Il contributo unificato è una imposta che devono obbligatoriamente pagare coloro che intraprendono un processo civile, penale o amministrativo e che non possono accedere al patrocinio gratuito. 

Tale contributo sostituisce l’imposta di bollo sugli atti, la tassa d’iscrizione a ruolo, i diritti di cancelleria e di chiamata in causa dell’ufficiale giudiziario e il suo costo varia a seconda del valore della causa, con importi crescenti e proporzionati al valore della controversia.

Se non si paga tale contributo, non si può dare avvio ad alcun procedimento legale, perché, per legge, fino a quando non si effettua il dovuto versamento, non si può iscrivere a ruolo la causa e il giudice non può trattarla.

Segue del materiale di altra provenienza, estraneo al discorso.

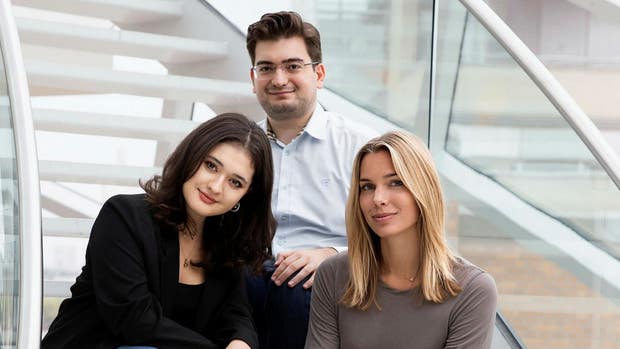 Sanne Fouquet (till höger) med resten av grundar-teamet: Valerie Estrina och Feliks Ghazaryan.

Si tratta di un pagamento paradossale per due motivi.

Il primo è perché non sempre chi deve intentare una causa, avendo giusta ragione, e ne ha bisogno, ha i soldi per pagarlo, pur se gli importi possono essere bassi; il secondo deriva dal fatto che spesso i cittadini, considerando già le lungaggini della giustizia italiana, pensando di dover anche pagare, si scoraggiano e alla fine lasciano perdere l’avvio di qualsiasi procedimento.